21L.488 | Spring 2018 | Undergraduate

Contemporary Literature: Street Haunting in the Global City


Paper 1


Due: Class 13

Format: 11–12 point type; 1.5 or 2x spaced; standard margins. Please just don’t do anything weird.

Length: 4–5 pages

Citations: Use MLA citation guidelines (parenthetical page numbers for quotations within the body of the text). At the paper’s conclusion cite the text edition of all works cited in the body of the text. If you consulted outside works which shaped your thinking in any way (not required!), please also include a Works Consulted section. You must give credit to any ideas that are not your own.


You may devise a topic of your own so long as you run the idea by me (either in office hours or by e-mail) at least one week before the deadline.

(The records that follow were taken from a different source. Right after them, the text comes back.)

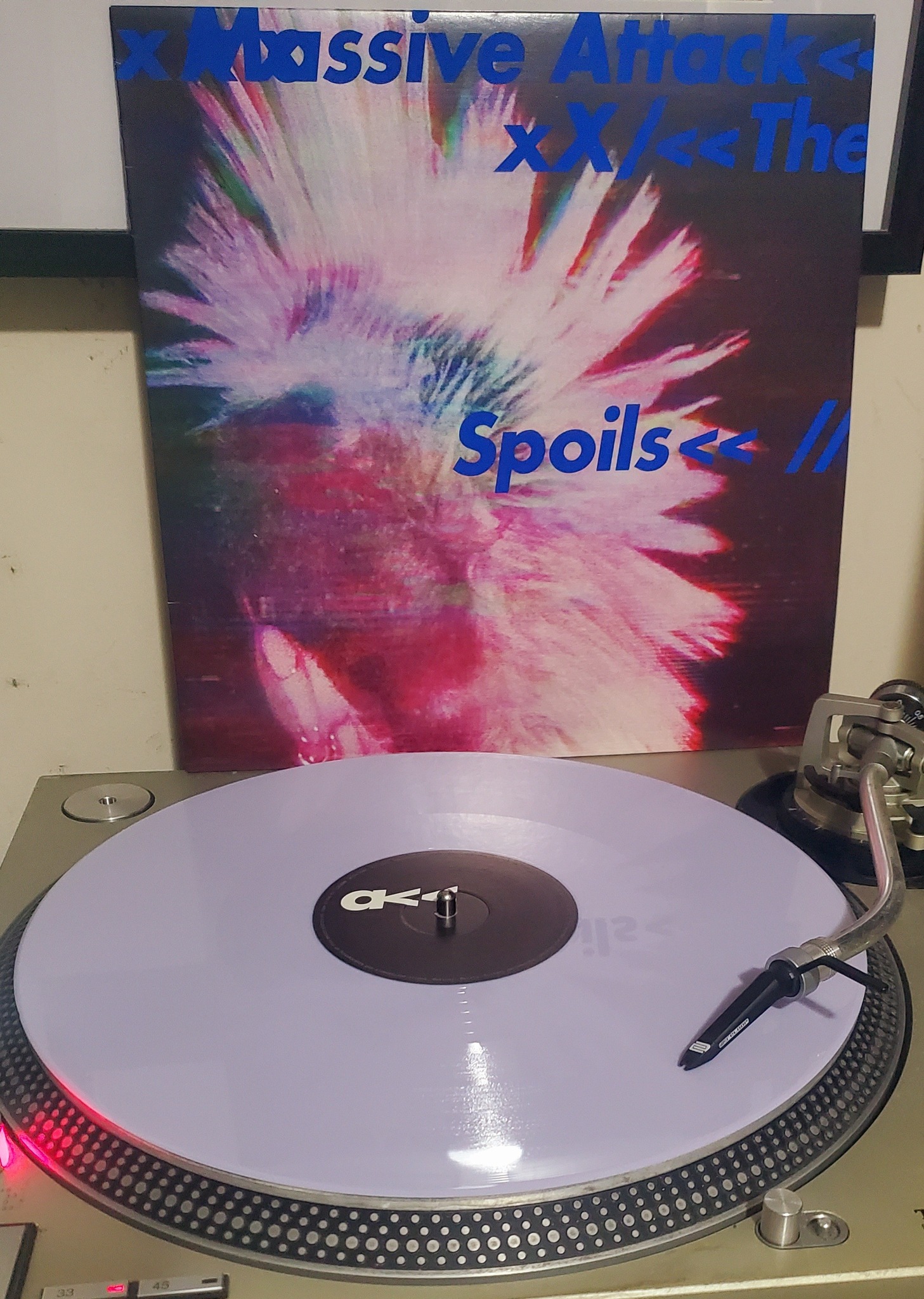 Massive Attack : The Spoils ft. Hope Sandoval
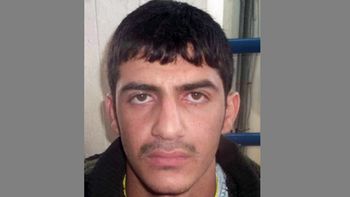 francia difunde una foto del tercer terrorista de los atentados en paris francia difunde una foto del tercer terrorista de los atentados en paris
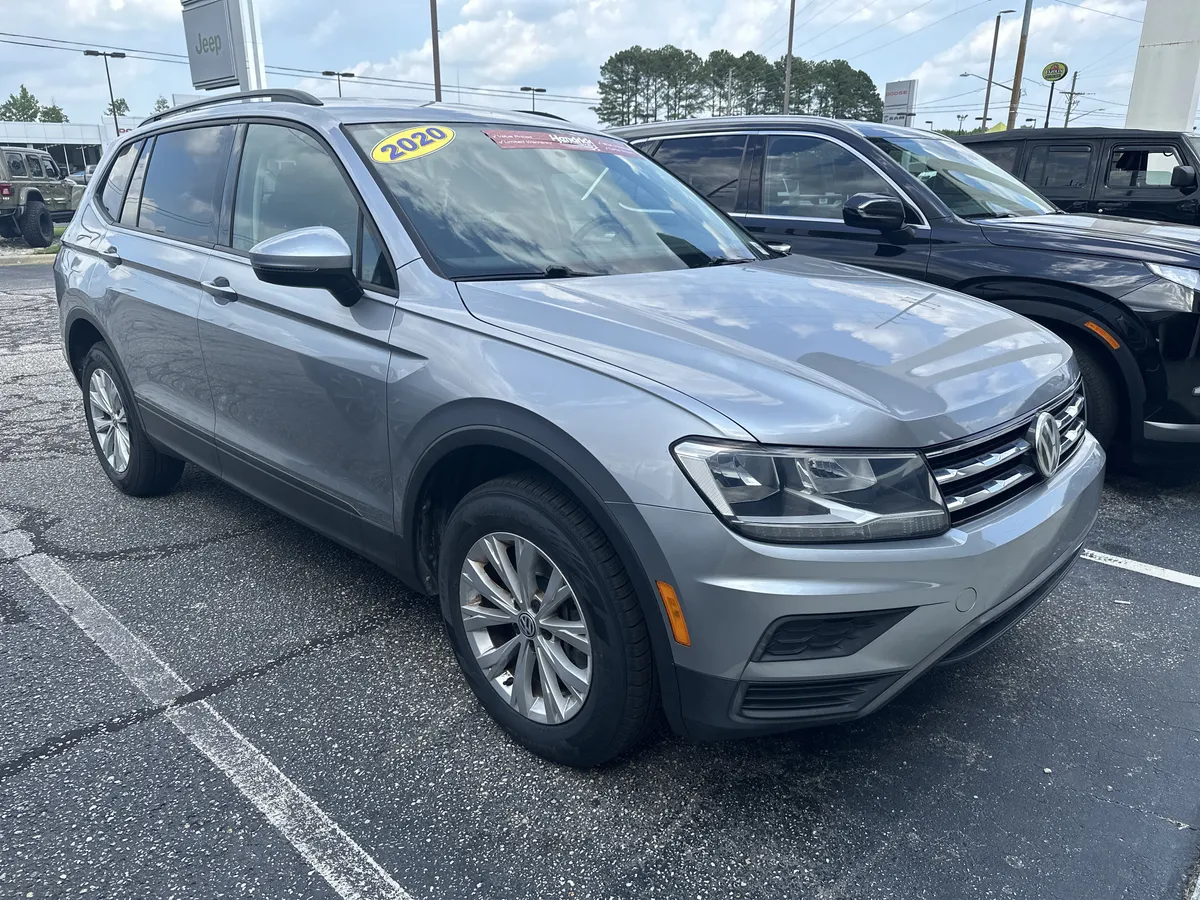 2020 Volkswagen Tiguan S thumbnail 2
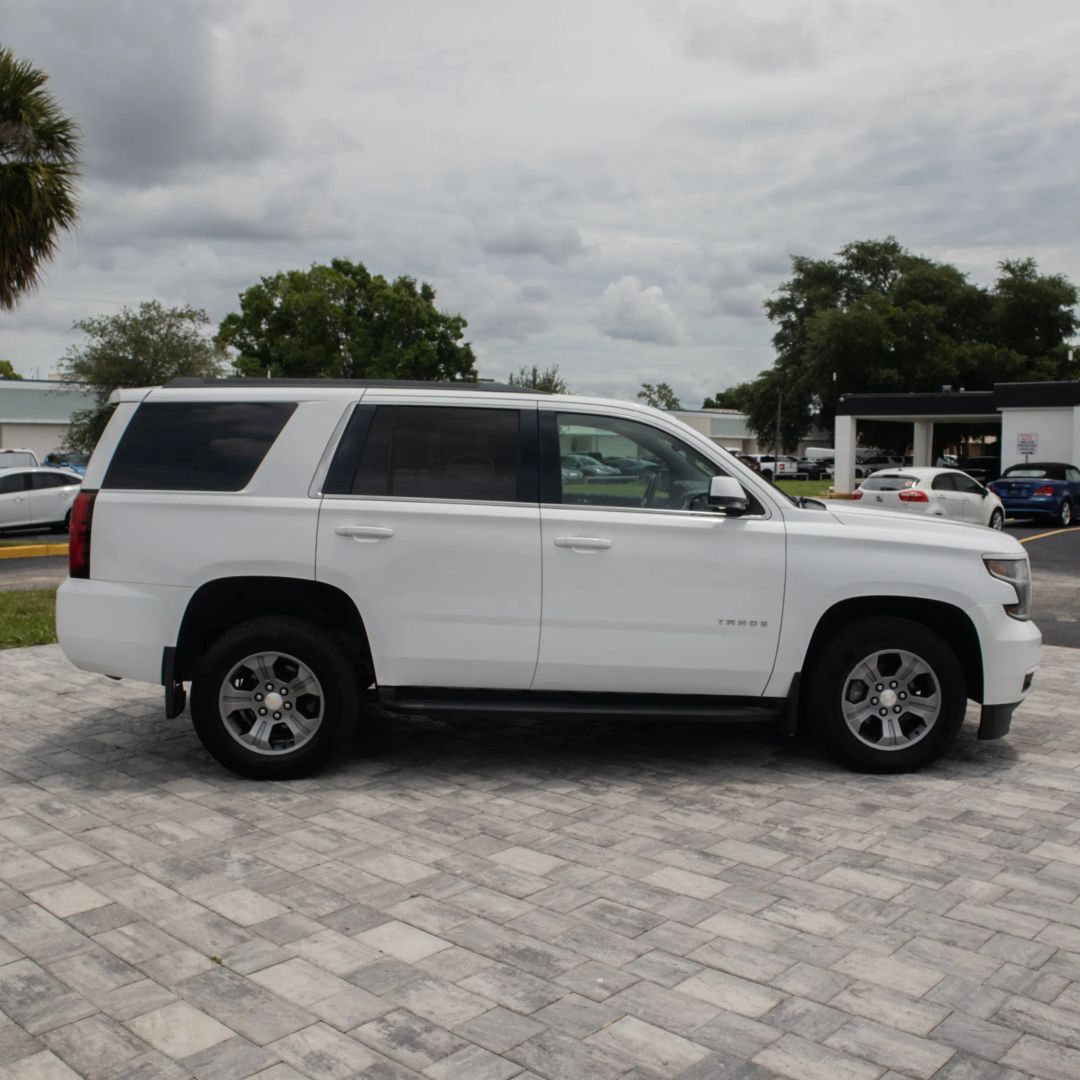 Chevrolet Tahoe photo 10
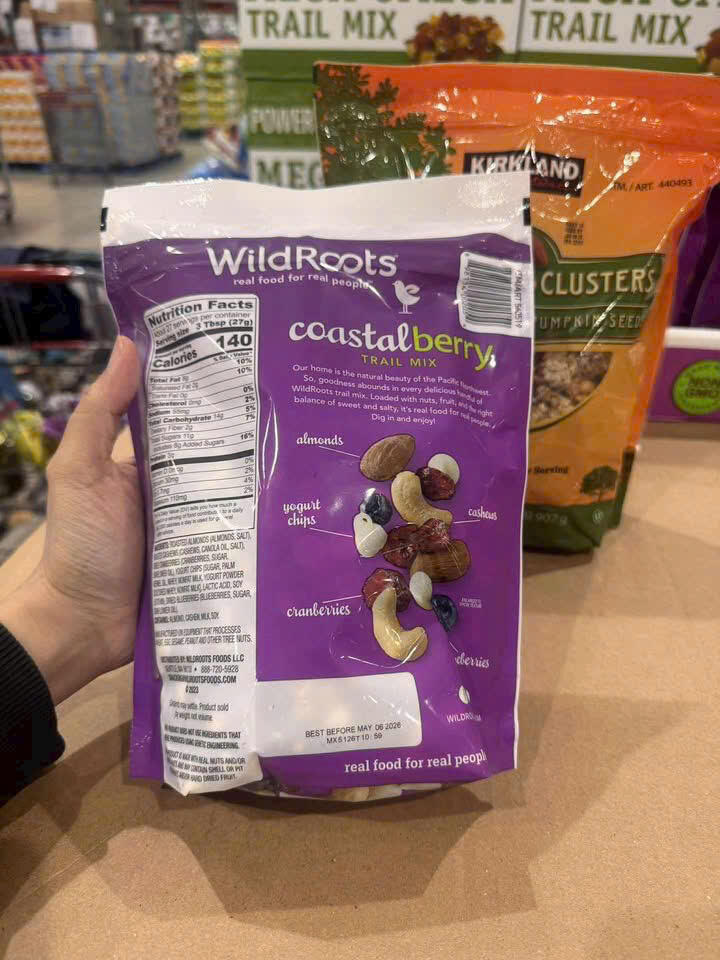 HẠT MIX WILDROOTS COASTAL BERRY TRAIL MIX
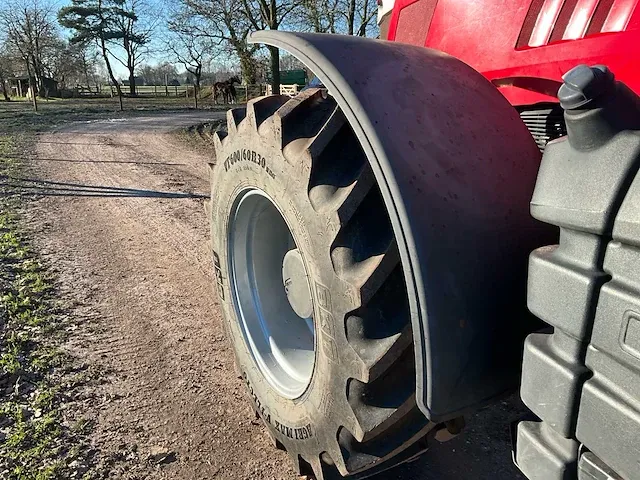 2017 massey ferguson 7724 dyna-6 vierwielaangedreven landbouwtractor - afbeelding 33 van  45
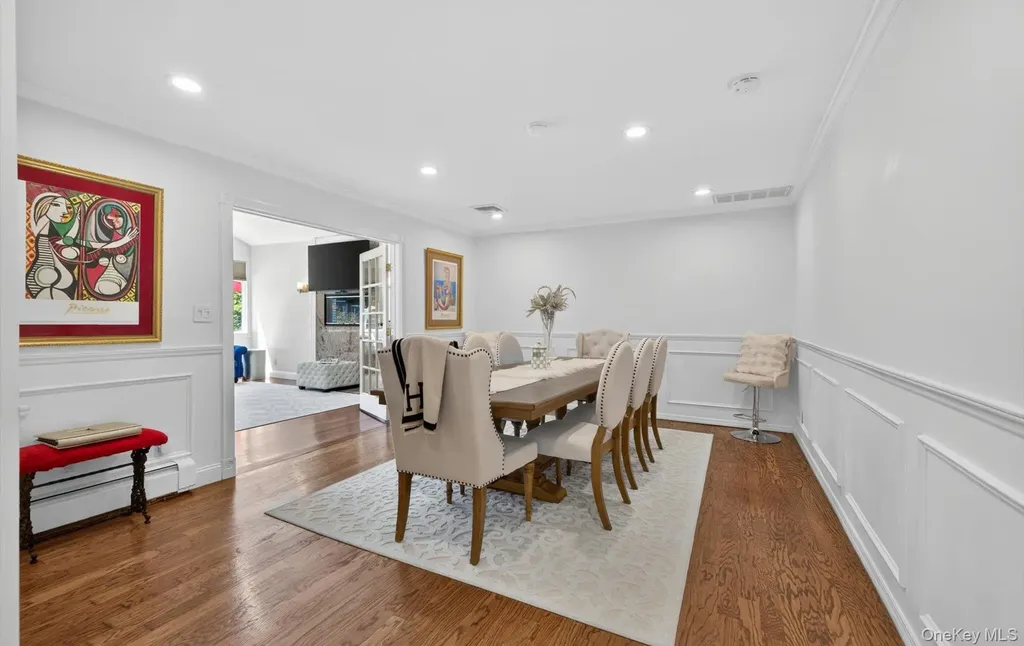 10 Wentworth Drive Dix Hills NY 11746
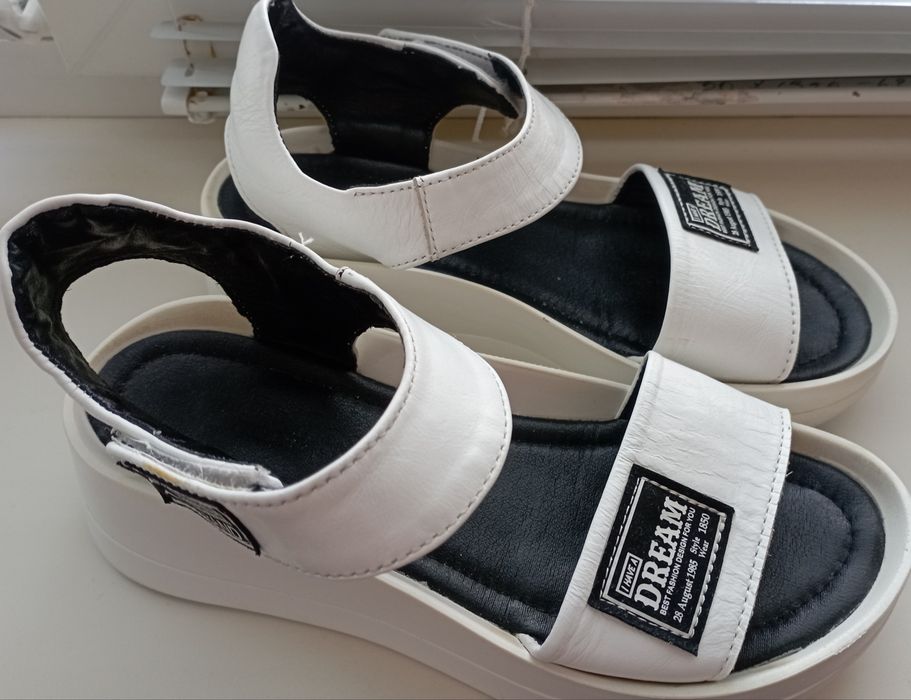 Продам женские босоножки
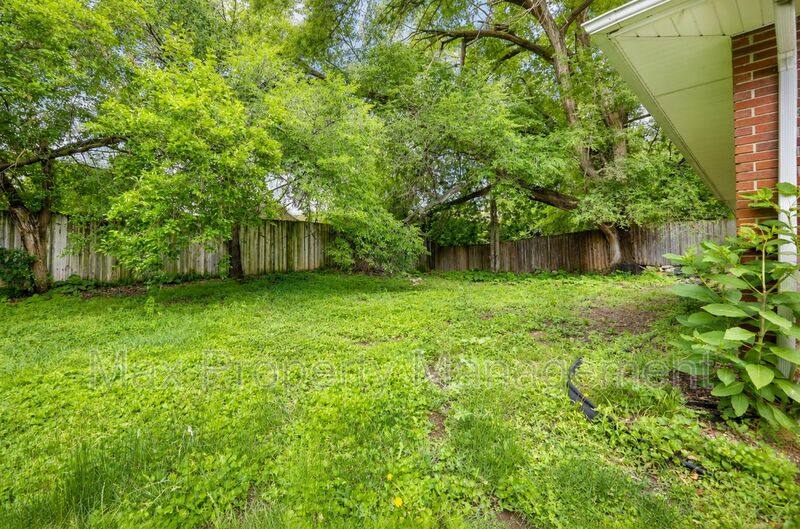 House for rent at 3422 SW 8th St, Des Moines, IA 50315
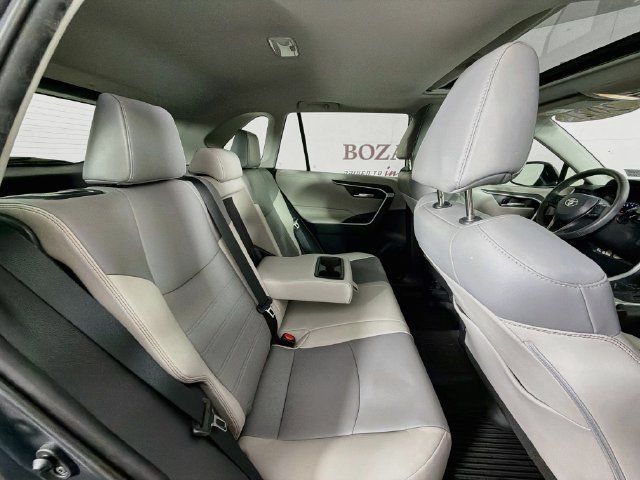 Used 2021 Toyota RAV4 XLE Premium FWD image 31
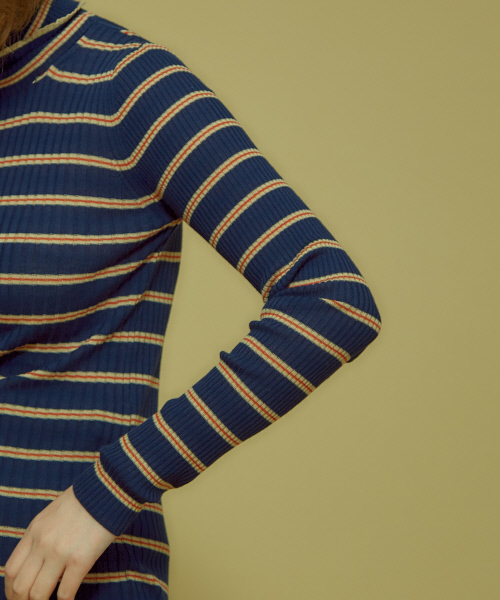 Abahouse Devinette（ドゥヴィネット）の「SUPER120sタートルハイゲージリブニット（ニット/セーター・レディース・ホワイト/ライトグレー/ブラック/ベージュ/ネイビー/ブルー/ブルー系その他・フリー）」の12枚目の写真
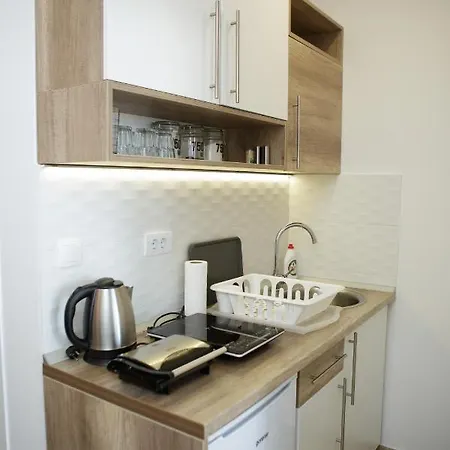 Dvori Sky View E14 - Free Private Parking Apartmán *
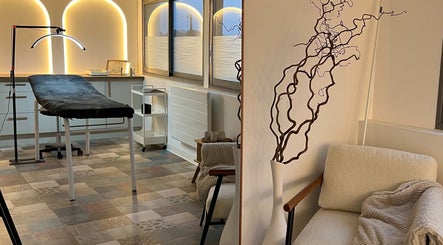 Espace de soins chez ml_browsartistudio à Nantes, Pays De La Loire, FR. Intérieur moderne et accueillant.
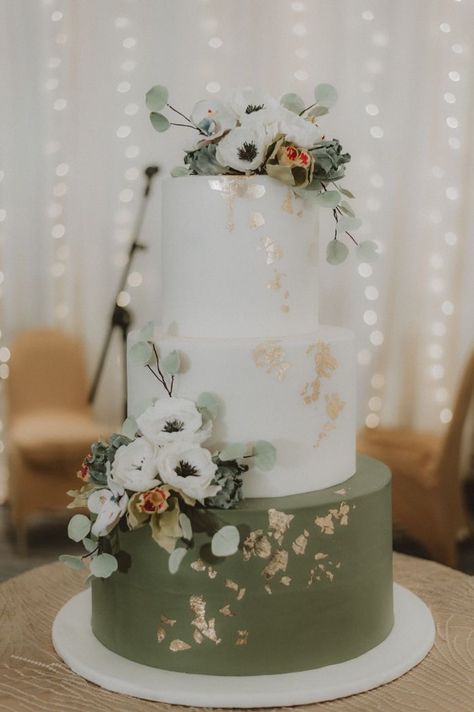 Olive Green Weddings, Green Wedding Cake, Green Cake, Green Themed Wedding, Dream Wedding Cake, Sage Wedding, Sage Green Wedding, Simple Wedding Cake, Cream Wedding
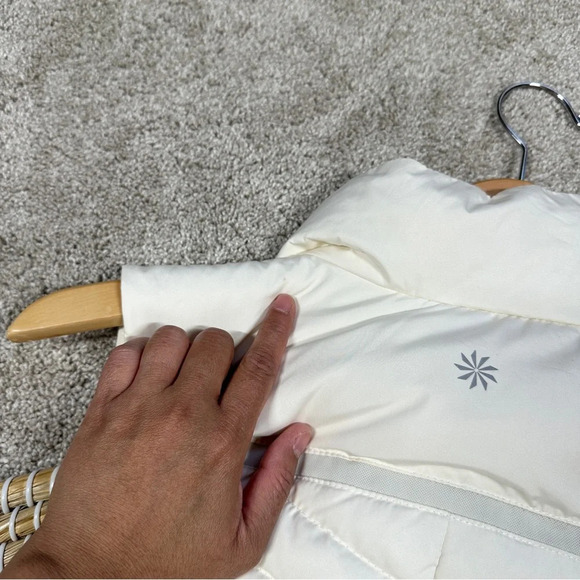 Athleta So Down Asymmetrical Front Zip Puffer Vest Down Feather in Ivory Size S - Picture 13 of 13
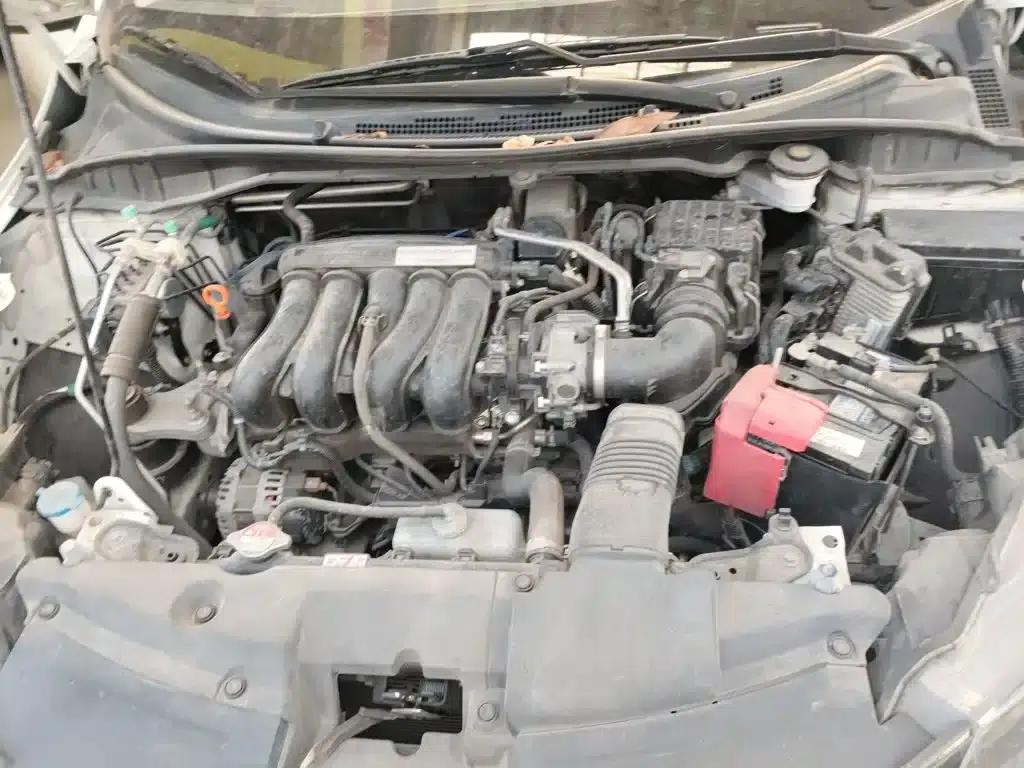 2016 Honda Greiz 1.5L CVT Classic Edition — миниатюра 20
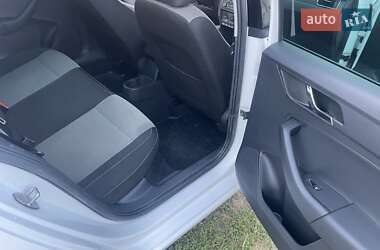 Лифтбек Skoda Rapid 2013 в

  1. Pick a sense (sight, hearing, touch, etc.) to trace throughout one of our readings. Develop an argument about the significance of the way that sense functions and the way that you interpret that sense in the context of the work’s larger themes or concerns. Possible questions to address:
    • How does this sense collide or conflict with other senses?
    • How does reading through the lens of this sense make us aware of something new or different or surprising about the text that we might not otherwise notice?
    • How does your reading go beyond the obvious or what we might expect of that sense?
    • What aspects of the city does this sense provide access to and what aspects remain untapped? How does the author address this?
  2. Develop an argument about how one of our primary texts challenges, revises, or does not fit with Baudelaire’s model of the flaneur or de Certeau’s model of walking in the city (voyeurs versus walkers). Please note that if you choose this topic, you must develop an argument that is substantially distinct from the class discussions we have had. Possible questions to address:
    • What passages might at first glance seem to fit one of these models well, but upon closer inspection suggest additional problems or nuance?
    • Where and how do the novelists use language or metaphors in a different way than the essayists, and to what effect?
    • How do the novels shed new light on the essays rather than vice versa?
  3. Choose prompt A or B about city sites and features.  
    1. Compare a single scene or city site from Open City and Saturday and develop an argument about the significance of the differences between them. How are the authors doing something different with this site (use of language, role in the text, problems raised, etc.)?
    2. Trace one of the following city features throughout one primary text and develop an argument about its function.
      Possible city sites to look at from one or both novels:
      • City streets (alleys, roads, highways, bridges)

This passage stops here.